Top of GIVEN DATA
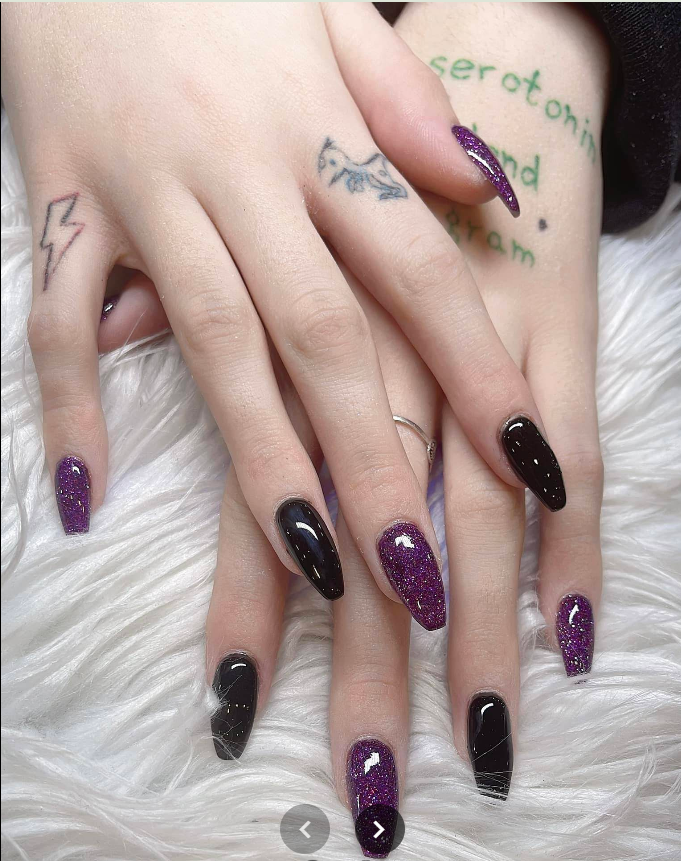 CẦN SANG TIỆM NAIL – ADI’LE NAIL SPA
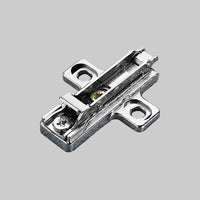 BASETTA DOMI A INNESTO RAPIDO 'BAR3' SALICE - 10 pezzi- SALICE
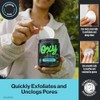 Oxy Almohadillas de limpieza facial, máxima eficacia, 90 piezas, unisex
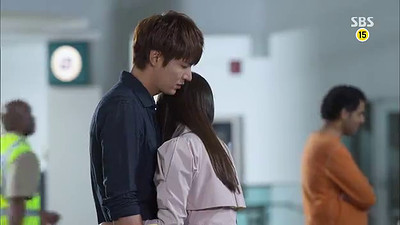 The Heirs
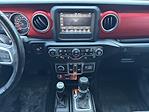 2021 Jeep Gladiator Crew Cab 4WD Pickup for sale #YB67543B - photo 13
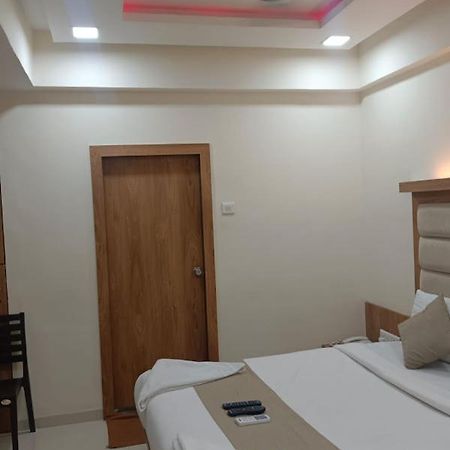 Sun Inn Residency , Nová Bombaj Exteriér fotografie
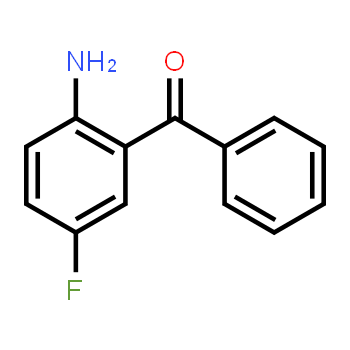 362-46-9 | 2-Amino-5-fluorobenzophenone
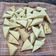 El cooksnap de Eugenia Hueppe cuando hizo Scones de Queso 🧀.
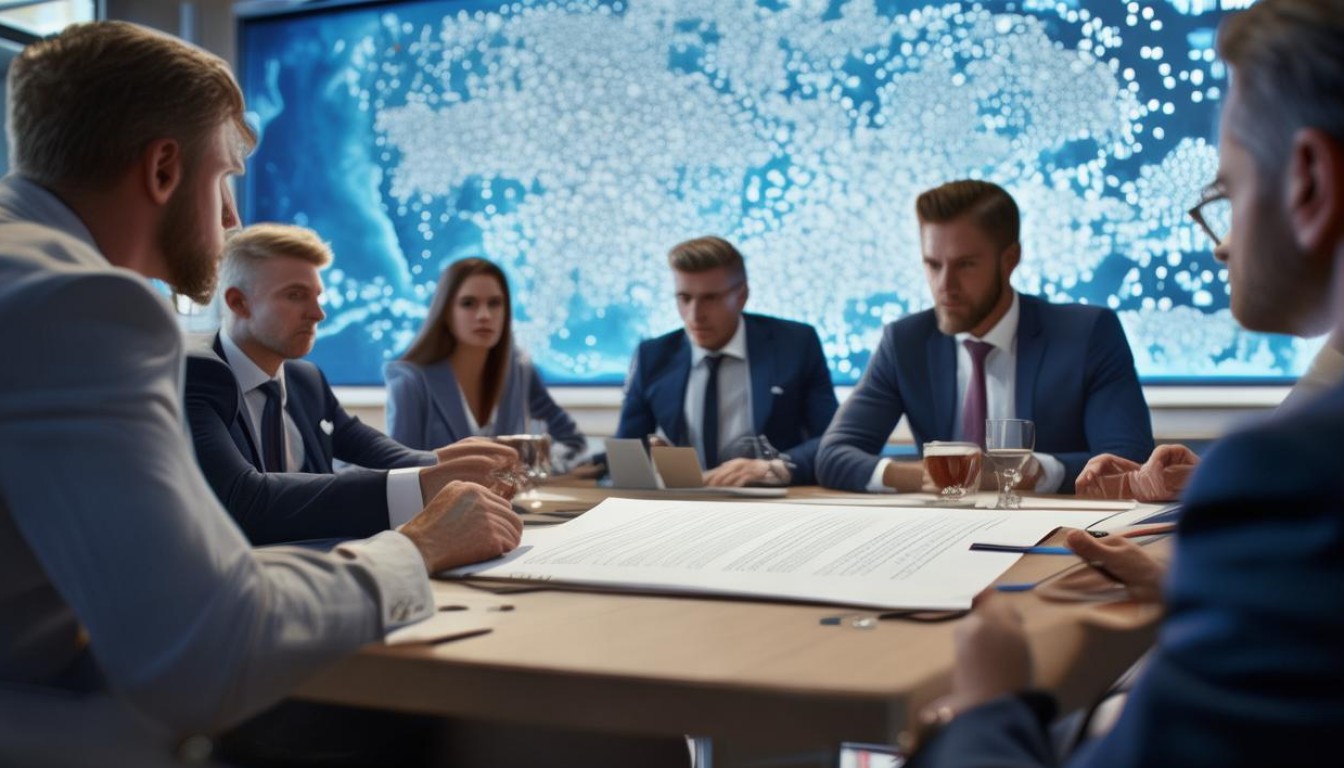 上市公司区块链应用落地难点在哪?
Bottom of GIVEN DATA
▶ **EXERCISE**
An exact copy of the lines from the one with "362-46-9 | 2-Amino-5-fluorobenzophenone" through the last line of the records, inclusive, is required, with all pictures left out.

▶ **WRITTEN REPLY**
 362-46-9 | 2-Amino-5-fluorobenzophenone
 El cooksnap de Eugenia Hueppe cuando hizo Scones de Queso 🧀.
 上市公司区块链应用落地难点在哪?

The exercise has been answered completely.